THE TASK. Which lines run from the one containing "1308 S 359th" to the end of the material below? Copy them exactly, pictures excluded.

:: RECORDS FOR PROCESSING ::

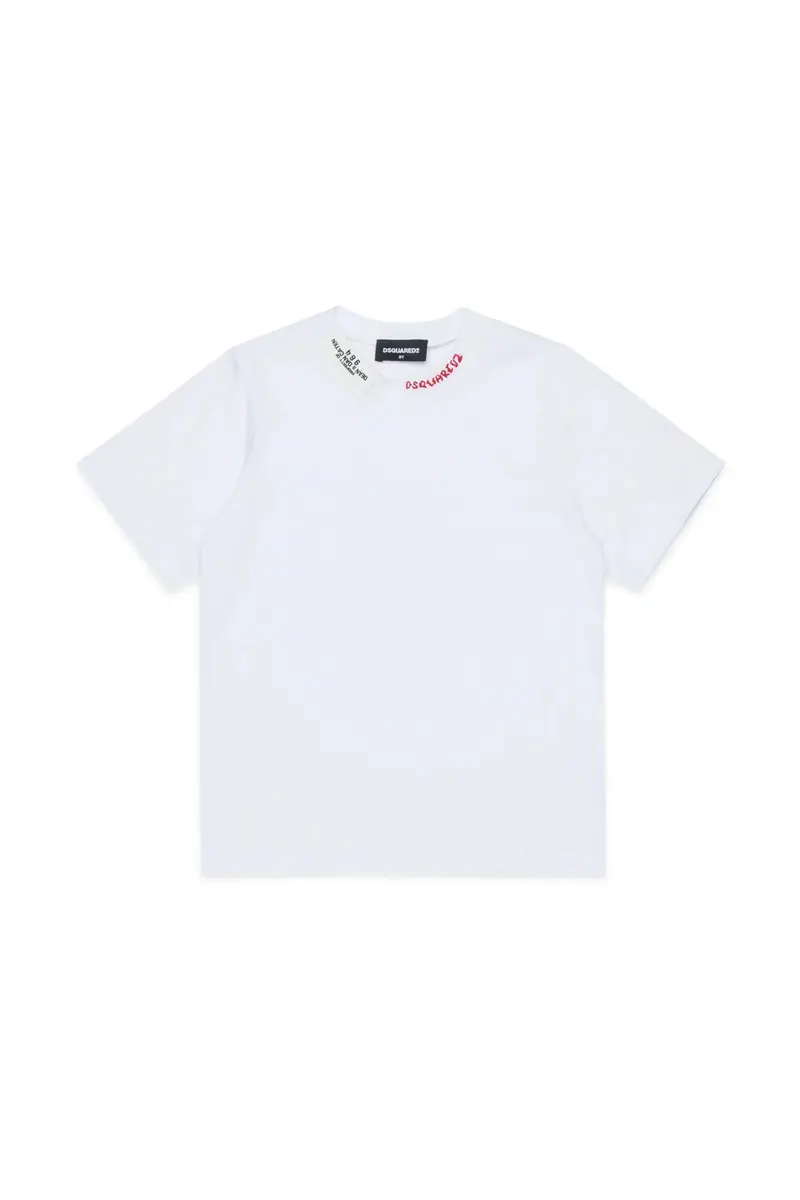 T-shirt girocollo con logo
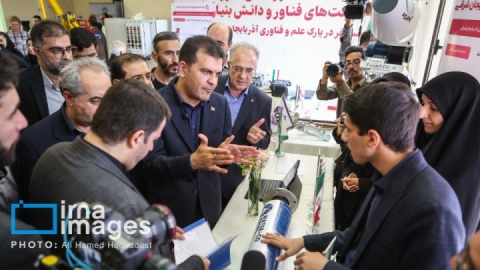 گزارش تصویری/ سفر معاون علمی رئیس جمهور به تبریزی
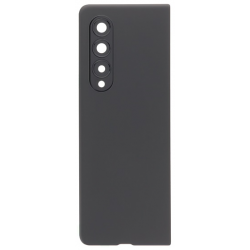 Tapa Con Cristal De Camara Samsung Galaxy Z Fold 3 5G *NEGRO*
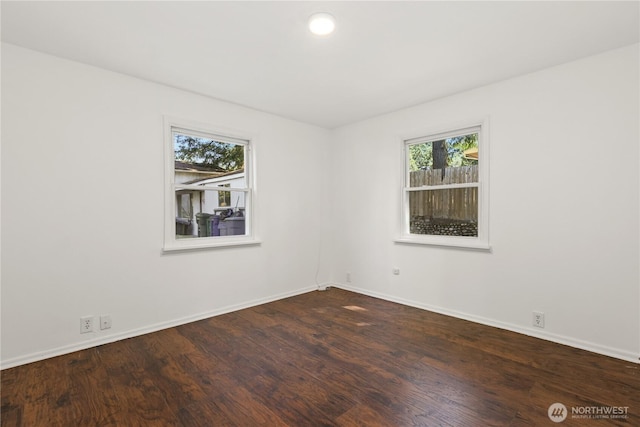 1308 S 359th St, Federal Way, WA 98003 - unfurnished room with wood finished floors and recessed lighting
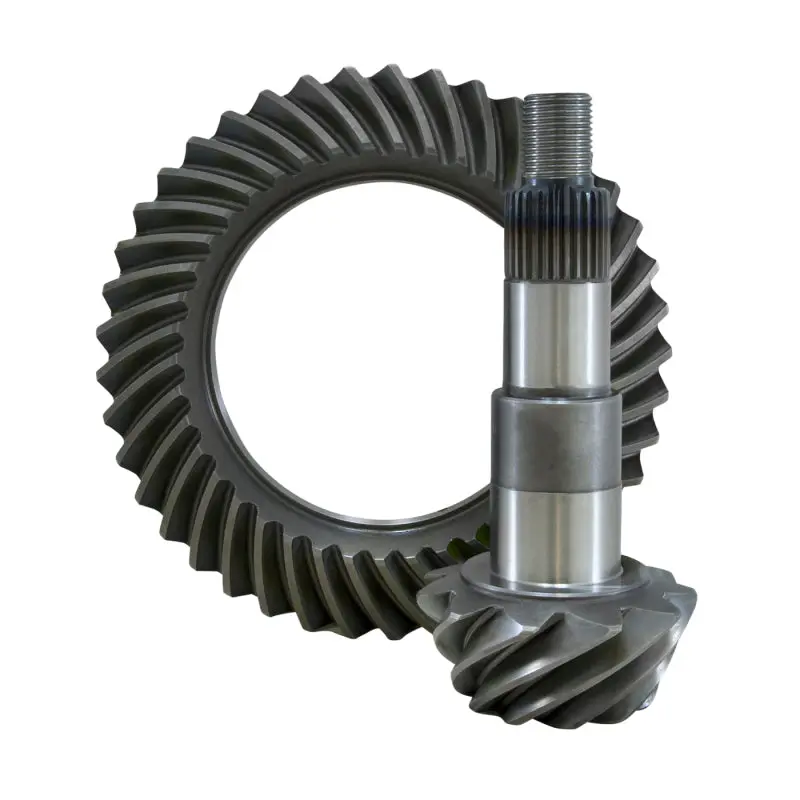 Yukon Gear High Performance Gear Set For Gm 8.25In Ifs Reverse Rotation In A 4.56 Ratio 1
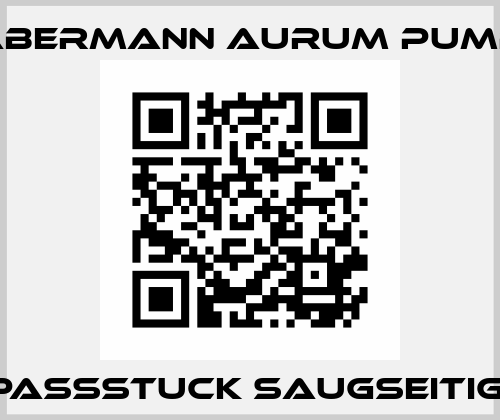 PASSSTUCK SAUGSEITIG  Habermann aurum pumps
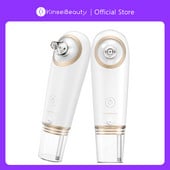 KinseiBeauty Mașină de îndepărtare a punctelor negre cu bule mici Dispozitiv de curățare a ciclului de apă Dispozitiv electric de curățare profundă a feței Instrument de înfrumusețare pentru îngrijirea pielii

:::

RESPONSE FOR THIS EXERCISE.
 1308 S 359th St, Federal Way, WA 98003 - unfurnished room with wood finished floors and recessed lighting
 Yukon Gear High Performance Gear Set For Gm 8.25In Ifs Reverse Rotation In A 4.56 Ratio 1
 PASSSTUCK SAUGSEITIG  Habermann aurum pumps
 KinseiBeauty Mașină de îndepărtare a punctelor negre cu bule mici Dispozitiv de curățare a ciclului de apă Dispozitiv electric de curățare profundă a feței Instrument de înfrumusețare pentru îngrijirea pielii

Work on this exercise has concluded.